Chevrolet had a month to forget, at -43% as sales of the Aveo all but came to a halt, while Cruze and Malibu volumes were halved and the Trax lost two thirds of its volume. Year-to-date, Chevrolet is down 15,5%. Cadillac was up 54% in July thanks to the addition of the ATS-L, but with less than 4.000 sales of locally produced models, Cadillac doesn’t make up for the loss of 22.500 units of volume at Chevrolet.
So if most of the foreign brands showed big losses, who did well in July? Chinese brands did, though not all of them equally. But those who have just introduced new crossover and SUV models scored big time.

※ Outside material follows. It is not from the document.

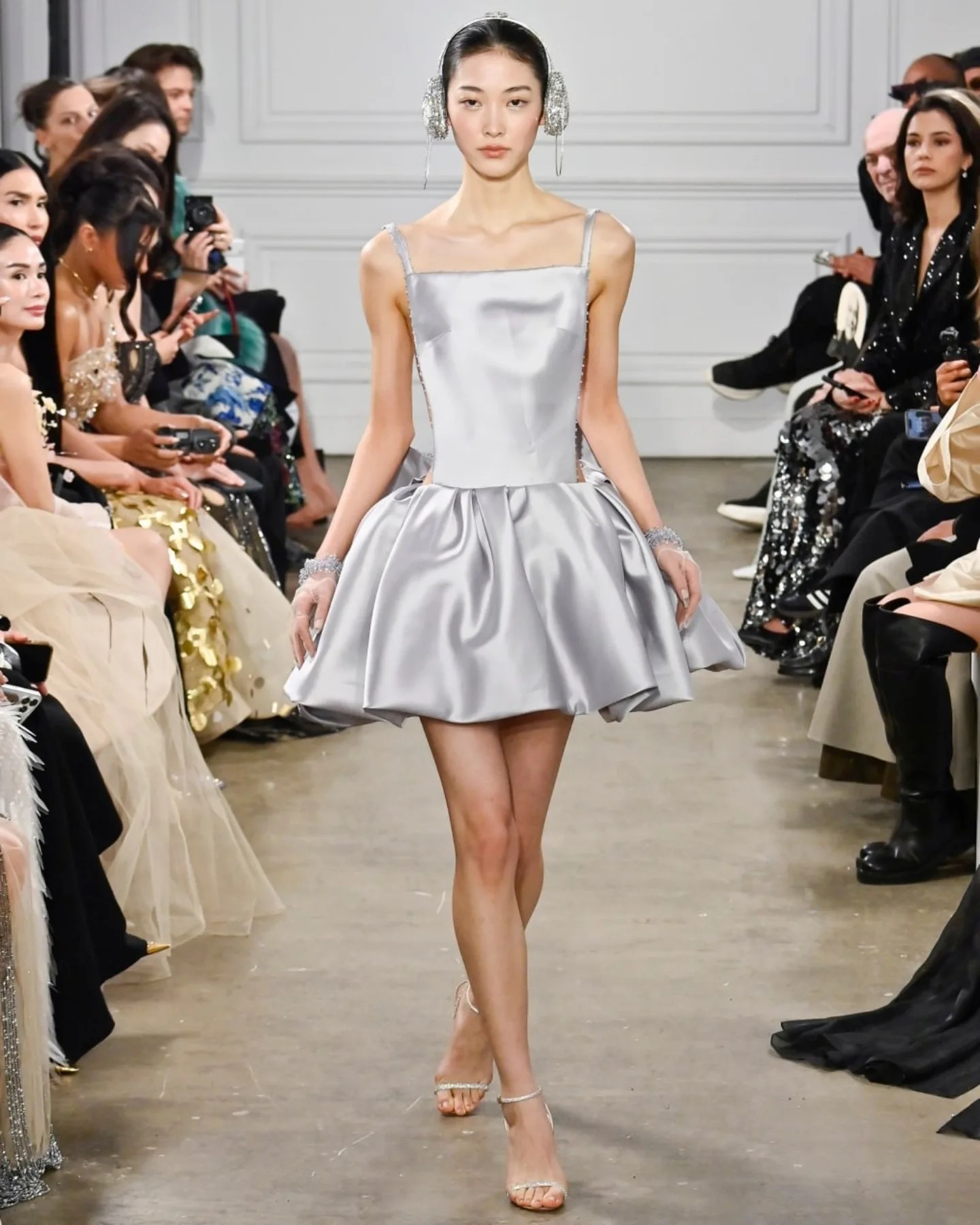 Hinh anh Phan Huy dệt nên giấc mộng hoàng triều với "Cành Vàng Lá Ngọc" tại Haute Couture SS26 20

Baojun sales were up more than tenfold, as the 730 MPV continued to sell extraordinary well and the 560 SUV landed straight into the July top-50 at #43 with 9.158 sales in its very first month! Likewise, Beijing Automotive (BAIC) sales surged 125% in July thanks to the new-for-this-year Beijing Huansu S3 crossover, which generated 45% of the brand’s volume this month. But some brands are even more reliant on just one all-new model. Take Brilliance for example, the V3 small crossover makes up 53% of the brand sales in July, helping Brilliance to a 40% increase for the month. Similarly, JAC is up 173% thanks to the Refine S3 crossover, which also accounts for 53% of brand sales. At MG, the GS crossover takes 63% of sales. And what about GAC Trumpchi? In its third month of sales, the GS4 crossover accounts for 89% of sales for the brand. The slightly larger (and older) GS5 is down to just a tenth of its volume of last year, so cannibalization surely plays a part, but still the brand is up 143% this month. At Leopaard, the CS10 also carries the brand at 88% of total sales, and at Yema, the T70 is at a similar percentage.

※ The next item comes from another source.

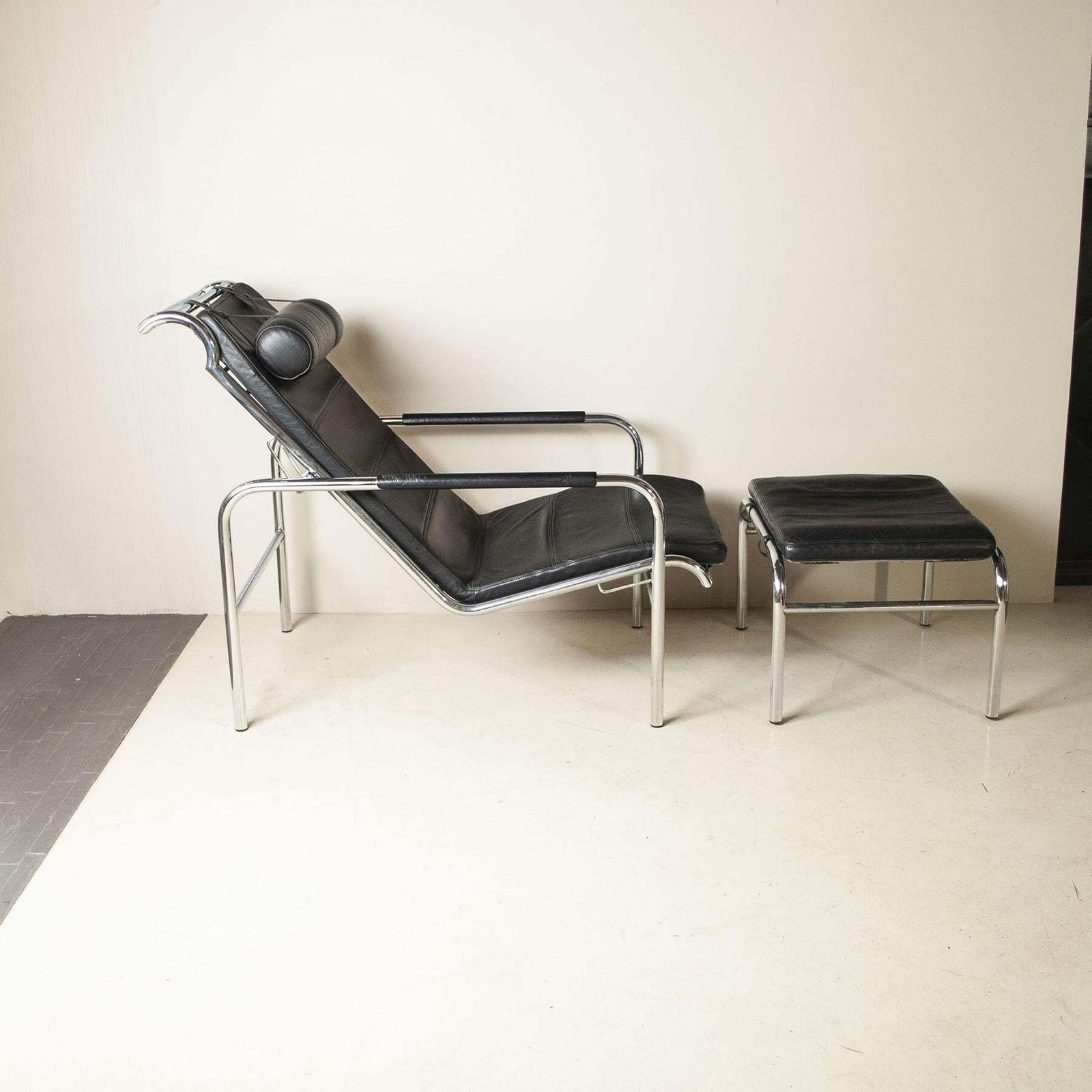 Chaise Longue Genni For Zanotta By Gabriele Mucchi 70s photo vintage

BYD is less dependent on a single model, and has much more stable sales, at +0,8%. The Qin plug-in hybrid has sold more than 4.000 units for the second straight month, while the Tang plug-in hybrid SUV sold 723 units in its second month of sales. Sales at Chery were down 12% as the model lacks a fresh range of crossovers, with the Tiggo 3 and Tiggo 5 both down due to intensified competition from newer models. Sedan-heavy FAW and Haima see their sales plunge 46% and 50% respectively, while Geely counteracts this trend with sales up 43% thanks to healthy sales of its EC7 Emgrand and FC Vision sedans, as well as its flagship GC9 sedan.
Lifan sales are down 9% in July, as none of its sedan and MPV models top 1.000 units, while the X50 and X60 crossovers now account for 60% of brand sales. Great Wall has decided to focus entirely on SUVs with its Haval brand, which is up 26% in July, the lowest score of the year as Haval is up 73% year-to-date. Meanwhile, the namesake Great Wall brand is down 65% to less than 3.000 sales in July, compared to almost 39.000 sales for Haval.
Wuling suffers from internal competition by Baojun, its sister brand within the SAIC-GM-Wuling Joint Venture, as the country’s best selling car the Wuling Hongguang MPV is down more than 40%. The volume lost by the Hongguang is almost exactly the volume added by the Baojun 730 MPV.
New model introductions to the ranking this month are the aforementioned Baojun 560 SUV with an impressive 9.158 sales, the Roewe 360 sedan with 174 sales, and the Foton Sauvana SUV with 64 sales. And then there is of course the launch of an all-new brand to the Chinese car market: Enranger, a brand from automotive supplier Weichai, known to most of you as a sponsor of the Ferrari F1 team. Enranger (or Yingzhi in Chinese), has been smart enough to launch an SUV as their first product: the Enranger G3, and 1.043 sales in their first month of sales isn’t all that bad. Especially considering the other local brand that was launched this year, Huasong, has only sold 128 cars in four months on the market, and exactly zero car in July.